A clear and immediate consequence of this upcoming work: If this were complete, in the recent example of canister vrnyn-miaaa-aaaao-aaaba-cai, even if DFINITY’s HTTP gateways did not serve canister vrnyn-miaaa-aaaao-aaaba-cai to US or Swiss users, the canister developer (or anyone really) could spin up their own HTTP gateway and serve the content vrnyn-miaaa-aaaao-aaaba-cai themselves.

2.4 Which entities run Boundary Nodes currently?

While consensus nodes are fairly decentralized (with increasing number of nodes and node providers), as of January 2023, only DFINITY runs BNs. Worth stressing again that the BNs do not affect anything on-chain.

The reason has to do with security: until the boundary node roadmap to replace “boundary node” architecture is complete, it is not secure (yet) to have more entities running boundary nodes (I am skipping the technical details for simplicity).

And yes, DFINITY as the only entity running BNs is an intermediate phase that will soon be over (ETA Q2 2023) and anyone in the community will be able to run their own HTTP gateways or API boundary nodes

2.5 How will more “HTTP gateways” and “API Boundary Node providers” help?

Few obvious benefits:

  1. The thesis is that in a world with hundreds or thousands of HTTP gateways providers, if a user is looking for canister X, there will be some HTTP gateway provider that is willing to serve that canister (perhaps it’s the canister’s developer themselves).

  2. As an additional measure, users will be able target directly an API boundary node with an IC-native client (e.g., browser extension), which doesn’t exist yet, but could be built by any community member. Using a browser extension, one will be able to access a canister under icp://canisterid.

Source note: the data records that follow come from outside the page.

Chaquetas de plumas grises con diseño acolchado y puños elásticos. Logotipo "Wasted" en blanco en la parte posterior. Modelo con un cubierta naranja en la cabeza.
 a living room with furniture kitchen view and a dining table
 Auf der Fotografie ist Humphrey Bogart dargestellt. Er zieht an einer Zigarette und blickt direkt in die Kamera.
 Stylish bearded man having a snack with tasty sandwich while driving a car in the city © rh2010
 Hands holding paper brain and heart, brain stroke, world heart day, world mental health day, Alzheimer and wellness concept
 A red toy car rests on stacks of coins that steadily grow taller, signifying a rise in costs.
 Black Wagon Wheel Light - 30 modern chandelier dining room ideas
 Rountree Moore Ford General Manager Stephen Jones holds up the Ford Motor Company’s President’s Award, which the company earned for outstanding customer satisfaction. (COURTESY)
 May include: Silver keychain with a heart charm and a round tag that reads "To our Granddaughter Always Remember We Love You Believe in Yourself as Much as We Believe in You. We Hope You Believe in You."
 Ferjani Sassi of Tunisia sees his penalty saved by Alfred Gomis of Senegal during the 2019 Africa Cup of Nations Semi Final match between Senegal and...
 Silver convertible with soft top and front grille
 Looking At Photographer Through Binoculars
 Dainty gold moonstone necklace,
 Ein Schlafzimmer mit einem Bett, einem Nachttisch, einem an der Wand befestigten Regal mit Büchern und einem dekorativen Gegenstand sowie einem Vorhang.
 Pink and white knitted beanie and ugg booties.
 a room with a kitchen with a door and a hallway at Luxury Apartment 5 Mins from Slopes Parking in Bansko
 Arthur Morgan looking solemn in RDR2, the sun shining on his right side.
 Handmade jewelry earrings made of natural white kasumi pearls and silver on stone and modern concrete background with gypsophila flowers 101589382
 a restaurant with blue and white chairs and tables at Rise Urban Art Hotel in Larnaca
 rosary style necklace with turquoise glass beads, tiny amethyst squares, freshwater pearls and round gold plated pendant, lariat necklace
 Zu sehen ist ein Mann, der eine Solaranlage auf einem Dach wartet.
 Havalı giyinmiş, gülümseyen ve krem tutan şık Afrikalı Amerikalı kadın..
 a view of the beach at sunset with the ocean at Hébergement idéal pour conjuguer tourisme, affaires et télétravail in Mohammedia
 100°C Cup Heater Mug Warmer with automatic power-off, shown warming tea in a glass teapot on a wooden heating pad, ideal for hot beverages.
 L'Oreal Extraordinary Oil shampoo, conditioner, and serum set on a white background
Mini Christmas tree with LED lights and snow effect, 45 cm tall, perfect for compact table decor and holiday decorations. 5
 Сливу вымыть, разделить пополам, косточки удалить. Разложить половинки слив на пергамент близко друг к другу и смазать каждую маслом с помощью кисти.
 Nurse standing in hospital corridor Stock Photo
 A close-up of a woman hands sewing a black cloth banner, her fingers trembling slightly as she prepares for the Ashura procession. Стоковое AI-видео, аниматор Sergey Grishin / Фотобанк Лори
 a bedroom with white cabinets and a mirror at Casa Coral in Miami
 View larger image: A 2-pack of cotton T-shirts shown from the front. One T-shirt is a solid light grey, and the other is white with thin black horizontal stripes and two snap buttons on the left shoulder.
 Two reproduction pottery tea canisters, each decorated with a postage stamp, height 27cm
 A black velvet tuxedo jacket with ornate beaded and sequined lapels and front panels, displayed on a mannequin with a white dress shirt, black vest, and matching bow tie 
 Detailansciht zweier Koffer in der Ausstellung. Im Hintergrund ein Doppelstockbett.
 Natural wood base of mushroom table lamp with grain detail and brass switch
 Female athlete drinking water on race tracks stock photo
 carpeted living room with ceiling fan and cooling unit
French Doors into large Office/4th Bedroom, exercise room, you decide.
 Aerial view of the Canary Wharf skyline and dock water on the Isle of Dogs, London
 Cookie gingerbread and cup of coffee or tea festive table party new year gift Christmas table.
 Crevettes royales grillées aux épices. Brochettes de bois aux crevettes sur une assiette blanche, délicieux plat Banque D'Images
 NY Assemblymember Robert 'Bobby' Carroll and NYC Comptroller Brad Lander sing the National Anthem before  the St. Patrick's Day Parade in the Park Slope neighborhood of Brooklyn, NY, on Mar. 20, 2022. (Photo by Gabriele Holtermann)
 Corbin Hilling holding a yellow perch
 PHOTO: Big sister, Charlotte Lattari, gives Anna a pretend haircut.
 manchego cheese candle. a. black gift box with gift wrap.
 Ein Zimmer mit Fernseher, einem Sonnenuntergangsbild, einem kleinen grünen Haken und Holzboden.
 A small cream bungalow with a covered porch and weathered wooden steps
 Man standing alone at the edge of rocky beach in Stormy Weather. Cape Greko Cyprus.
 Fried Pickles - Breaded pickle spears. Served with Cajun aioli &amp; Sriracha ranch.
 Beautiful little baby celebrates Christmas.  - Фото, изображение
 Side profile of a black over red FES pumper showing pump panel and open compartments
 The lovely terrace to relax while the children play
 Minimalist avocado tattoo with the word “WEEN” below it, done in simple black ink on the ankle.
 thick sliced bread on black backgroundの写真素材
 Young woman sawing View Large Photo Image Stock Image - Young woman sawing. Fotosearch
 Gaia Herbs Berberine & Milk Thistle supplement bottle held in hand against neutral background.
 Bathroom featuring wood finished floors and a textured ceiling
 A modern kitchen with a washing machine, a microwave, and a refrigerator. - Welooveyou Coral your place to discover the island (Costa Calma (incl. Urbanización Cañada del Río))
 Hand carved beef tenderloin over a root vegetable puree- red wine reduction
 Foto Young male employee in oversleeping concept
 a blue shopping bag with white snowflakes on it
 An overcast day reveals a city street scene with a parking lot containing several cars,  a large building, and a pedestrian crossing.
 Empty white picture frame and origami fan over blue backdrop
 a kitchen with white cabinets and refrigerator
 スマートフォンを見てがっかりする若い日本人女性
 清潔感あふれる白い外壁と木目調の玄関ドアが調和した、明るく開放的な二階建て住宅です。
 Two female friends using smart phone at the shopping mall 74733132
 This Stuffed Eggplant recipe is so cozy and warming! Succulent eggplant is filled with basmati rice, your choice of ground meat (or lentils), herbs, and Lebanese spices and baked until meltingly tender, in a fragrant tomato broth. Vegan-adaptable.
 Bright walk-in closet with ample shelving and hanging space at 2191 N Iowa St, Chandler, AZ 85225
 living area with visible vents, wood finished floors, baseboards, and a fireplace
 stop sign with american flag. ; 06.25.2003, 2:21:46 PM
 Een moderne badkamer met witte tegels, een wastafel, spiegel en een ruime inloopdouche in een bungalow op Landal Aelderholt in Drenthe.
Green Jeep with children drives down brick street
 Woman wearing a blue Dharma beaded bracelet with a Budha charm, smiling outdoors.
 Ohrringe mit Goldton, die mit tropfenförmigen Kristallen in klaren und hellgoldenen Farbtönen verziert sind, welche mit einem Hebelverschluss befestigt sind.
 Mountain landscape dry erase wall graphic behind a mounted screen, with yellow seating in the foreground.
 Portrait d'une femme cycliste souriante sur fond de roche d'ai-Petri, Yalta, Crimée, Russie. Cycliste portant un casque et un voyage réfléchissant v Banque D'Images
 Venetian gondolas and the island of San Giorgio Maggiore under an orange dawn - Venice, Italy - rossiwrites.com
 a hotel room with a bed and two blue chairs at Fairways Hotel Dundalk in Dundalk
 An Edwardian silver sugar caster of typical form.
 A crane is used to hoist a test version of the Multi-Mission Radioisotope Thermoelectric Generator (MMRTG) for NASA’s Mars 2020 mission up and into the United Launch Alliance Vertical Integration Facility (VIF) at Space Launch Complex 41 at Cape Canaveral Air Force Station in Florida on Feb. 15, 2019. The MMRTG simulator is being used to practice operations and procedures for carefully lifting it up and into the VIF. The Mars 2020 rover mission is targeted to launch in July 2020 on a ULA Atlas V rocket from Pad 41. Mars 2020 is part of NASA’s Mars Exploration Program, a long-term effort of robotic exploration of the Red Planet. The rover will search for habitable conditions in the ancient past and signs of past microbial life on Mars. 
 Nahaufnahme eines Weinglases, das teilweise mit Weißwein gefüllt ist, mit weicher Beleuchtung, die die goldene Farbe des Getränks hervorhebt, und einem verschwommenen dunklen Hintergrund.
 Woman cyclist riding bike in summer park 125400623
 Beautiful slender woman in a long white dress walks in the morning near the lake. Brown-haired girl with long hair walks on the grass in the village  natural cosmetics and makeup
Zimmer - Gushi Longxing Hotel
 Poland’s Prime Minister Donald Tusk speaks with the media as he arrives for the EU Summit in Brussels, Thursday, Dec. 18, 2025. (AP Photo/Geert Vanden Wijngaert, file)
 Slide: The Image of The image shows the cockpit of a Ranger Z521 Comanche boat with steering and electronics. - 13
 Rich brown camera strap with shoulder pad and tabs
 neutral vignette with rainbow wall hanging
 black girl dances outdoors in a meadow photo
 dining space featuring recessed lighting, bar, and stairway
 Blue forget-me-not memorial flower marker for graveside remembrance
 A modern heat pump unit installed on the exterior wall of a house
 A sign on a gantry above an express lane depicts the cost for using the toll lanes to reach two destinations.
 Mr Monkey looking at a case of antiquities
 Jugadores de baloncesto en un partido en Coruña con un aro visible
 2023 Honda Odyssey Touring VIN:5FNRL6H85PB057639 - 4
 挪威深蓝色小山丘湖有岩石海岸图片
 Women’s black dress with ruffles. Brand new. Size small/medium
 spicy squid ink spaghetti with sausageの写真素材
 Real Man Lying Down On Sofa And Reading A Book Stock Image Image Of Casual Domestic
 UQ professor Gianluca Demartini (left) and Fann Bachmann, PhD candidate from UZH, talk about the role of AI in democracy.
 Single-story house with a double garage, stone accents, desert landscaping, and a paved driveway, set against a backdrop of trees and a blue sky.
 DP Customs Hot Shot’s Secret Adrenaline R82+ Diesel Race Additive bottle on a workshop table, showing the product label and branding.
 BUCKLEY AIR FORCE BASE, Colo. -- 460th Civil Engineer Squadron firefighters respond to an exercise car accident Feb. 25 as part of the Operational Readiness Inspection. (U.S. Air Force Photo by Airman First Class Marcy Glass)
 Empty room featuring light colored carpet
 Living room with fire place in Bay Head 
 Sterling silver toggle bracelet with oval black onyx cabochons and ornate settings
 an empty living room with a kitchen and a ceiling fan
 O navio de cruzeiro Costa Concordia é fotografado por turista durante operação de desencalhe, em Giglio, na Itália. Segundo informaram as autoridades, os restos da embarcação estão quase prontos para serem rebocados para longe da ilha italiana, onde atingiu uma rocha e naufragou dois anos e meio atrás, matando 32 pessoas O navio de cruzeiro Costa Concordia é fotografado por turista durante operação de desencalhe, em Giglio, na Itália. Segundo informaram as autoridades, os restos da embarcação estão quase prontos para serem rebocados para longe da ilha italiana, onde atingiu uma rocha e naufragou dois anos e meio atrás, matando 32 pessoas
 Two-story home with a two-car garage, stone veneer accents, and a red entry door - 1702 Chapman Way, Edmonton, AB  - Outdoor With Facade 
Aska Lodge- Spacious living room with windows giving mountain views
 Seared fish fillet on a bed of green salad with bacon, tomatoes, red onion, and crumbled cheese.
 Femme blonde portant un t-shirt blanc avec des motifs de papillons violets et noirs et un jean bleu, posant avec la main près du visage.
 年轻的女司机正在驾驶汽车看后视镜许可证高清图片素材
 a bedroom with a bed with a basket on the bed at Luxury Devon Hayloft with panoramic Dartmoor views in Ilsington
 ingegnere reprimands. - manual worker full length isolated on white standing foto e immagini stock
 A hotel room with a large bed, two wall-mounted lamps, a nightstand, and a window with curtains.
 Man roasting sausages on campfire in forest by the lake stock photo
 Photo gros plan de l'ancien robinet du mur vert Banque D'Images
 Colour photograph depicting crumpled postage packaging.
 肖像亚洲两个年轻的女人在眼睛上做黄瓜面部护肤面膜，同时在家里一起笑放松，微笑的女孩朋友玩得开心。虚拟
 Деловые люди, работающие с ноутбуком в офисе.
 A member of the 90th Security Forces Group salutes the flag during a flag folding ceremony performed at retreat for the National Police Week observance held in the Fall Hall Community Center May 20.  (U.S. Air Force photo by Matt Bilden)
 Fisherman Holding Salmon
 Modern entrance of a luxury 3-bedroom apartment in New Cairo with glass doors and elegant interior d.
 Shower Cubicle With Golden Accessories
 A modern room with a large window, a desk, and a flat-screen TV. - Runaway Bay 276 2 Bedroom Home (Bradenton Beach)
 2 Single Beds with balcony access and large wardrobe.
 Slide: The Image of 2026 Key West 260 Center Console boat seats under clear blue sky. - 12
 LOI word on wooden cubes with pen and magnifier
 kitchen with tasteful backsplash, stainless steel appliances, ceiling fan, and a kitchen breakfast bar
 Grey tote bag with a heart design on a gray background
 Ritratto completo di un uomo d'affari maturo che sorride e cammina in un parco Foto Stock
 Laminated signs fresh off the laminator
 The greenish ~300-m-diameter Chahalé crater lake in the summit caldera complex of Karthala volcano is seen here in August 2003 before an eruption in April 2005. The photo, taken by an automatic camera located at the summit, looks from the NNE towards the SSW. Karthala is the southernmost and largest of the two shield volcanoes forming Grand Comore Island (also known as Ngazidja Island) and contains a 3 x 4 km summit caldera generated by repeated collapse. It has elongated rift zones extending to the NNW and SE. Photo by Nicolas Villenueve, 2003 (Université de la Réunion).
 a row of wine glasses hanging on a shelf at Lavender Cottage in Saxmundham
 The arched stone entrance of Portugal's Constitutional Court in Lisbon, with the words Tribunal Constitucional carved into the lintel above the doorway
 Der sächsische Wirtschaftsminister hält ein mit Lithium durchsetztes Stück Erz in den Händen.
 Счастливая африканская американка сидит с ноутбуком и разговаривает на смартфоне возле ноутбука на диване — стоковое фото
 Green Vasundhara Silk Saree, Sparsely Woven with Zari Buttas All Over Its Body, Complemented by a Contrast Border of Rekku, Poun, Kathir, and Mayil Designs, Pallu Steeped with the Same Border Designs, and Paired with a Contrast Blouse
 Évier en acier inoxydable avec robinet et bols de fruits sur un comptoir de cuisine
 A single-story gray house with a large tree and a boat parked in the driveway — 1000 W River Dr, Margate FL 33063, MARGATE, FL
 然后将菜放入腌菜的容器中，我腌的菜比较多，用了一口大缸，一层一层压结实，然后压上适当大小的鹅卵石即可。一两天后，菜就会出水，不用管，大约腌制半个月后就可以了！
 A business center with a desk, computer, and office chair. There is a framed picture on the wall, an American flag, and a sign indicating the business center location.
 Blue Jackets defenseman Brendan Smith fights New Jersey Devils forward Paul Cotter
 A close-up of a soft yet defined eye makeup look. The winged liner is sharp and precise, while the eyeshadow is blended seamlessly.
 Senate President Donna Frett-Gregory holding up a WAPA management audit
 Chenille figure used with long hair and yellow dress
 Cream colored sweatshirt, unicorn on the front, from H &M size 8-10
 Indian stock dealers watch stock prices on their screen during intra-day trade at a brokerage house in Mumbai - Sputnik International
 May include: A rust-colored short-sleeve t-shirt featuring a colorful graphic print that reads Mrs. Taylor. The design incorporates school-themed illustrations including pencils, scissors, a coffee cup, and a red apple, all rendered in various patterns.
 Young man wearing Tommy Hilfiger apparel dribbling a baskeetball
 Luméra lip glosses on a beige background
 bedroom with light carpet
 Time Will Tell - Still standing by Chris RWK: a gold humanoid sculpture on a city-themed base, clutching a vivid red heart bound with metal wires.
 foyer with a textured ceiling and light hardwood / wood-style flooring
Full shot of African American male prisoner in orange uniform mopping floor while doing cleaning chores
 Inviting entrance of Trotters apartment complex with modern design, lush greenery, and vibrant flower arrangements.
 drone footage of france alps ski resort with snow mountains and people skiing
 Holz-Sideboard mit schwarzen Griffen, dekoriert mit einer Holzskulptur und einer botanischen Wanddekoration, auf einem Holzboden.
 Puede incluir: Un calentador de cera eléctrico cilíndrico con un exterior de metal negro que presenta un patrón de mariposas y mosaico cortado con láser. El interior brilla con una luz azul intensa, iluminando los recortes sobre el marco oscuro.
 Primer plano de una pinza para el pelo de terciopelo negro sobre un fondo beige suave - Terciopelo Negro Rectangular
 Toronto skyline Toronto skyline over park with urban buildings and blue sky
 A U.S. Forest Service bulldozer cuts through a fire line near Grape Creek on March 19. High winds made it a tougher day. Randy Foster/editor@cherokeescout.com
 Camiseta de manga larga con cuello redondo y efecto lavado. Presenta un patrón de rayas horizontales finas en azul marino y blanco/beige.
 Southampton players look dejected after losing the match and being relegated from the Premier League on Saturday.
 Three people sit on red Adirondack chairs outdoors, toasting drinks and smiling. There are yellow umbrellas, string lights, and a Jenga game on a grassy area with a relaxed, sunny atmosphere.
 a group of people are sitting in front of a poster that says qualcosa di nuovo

  3. iOS or android apps will be able to directly communicate with the API boundary nodes, so they will not need to trust the gateways nor the boundary nodes but can verify canister data directly using the ICP public key.

2.6 If a canister developer does not trust other HTTP Gateway providers to serve a canister, would it not be easier for the developer to run their app on a single server instead of deploying to the IC and run their own HTTP gateway?

Simple: a canister developer can rely on the tamperproof qualities of the IC and its consensus… while relying on their own HTTP Gateway to guarantee access.

As an example, users may trust a lottery or defi smart contract on the IC because it is executed on multiple consensus nodes, but they may not trust it if it ran on one machine entirely in control of the developer.

2.7 How close is the IC to the new architecture?

As of January 2023, the Boundary roadmap is here and the IC is months (not weeks, not years) from having the new architecture composed of HTTP gateways and API boundary nodes.

Q1 2023:

  • The team starts implementing the new boundary node architecture that decomposes boundary nodes into “HTTP gateways” and “API Boundary Nodes”.

Q2 2023:

  • New architecture with HTTP Gateway and API Boundary Nodes is shipped

Q3 2023

  • Architecture will be managed by the NNS (API Boundary nodes are approved by NNS DAO).

2.8 If I want to create a dapp that is always accessible no matter the policies of BNs, what do I have to do? Are there any temporary solutions?

The obvious answer is “wait for the new architecture that does it right” then a developer can roll out your own HTTP Gateway (Or you can also provide an IC-native client that directly targets the API Boundary Nodes). Then you would not need to rely on anyone but yourself. In fact… unlike consensus nodes, which are rather beefy machines running in data centers to keep up with consensus, the design intent is that HTTP Gateways be so simple they could run from people’s homes.

However, the DFINITY R&D has come up with a few temporary workaround (and are looking into some more):

  1. A user could use something like a browser-extension. One can always directly target a boundary node with an IC-native client (e.g., browser extension), which doesn’t exist yet, but could be built by any community member.
  2. A developer who wants to go the extra mile could use IC Front (GitHub - dfinity/icfront ) and set up a custom domain so they do not go through ic0.app (DSCVR does this for example).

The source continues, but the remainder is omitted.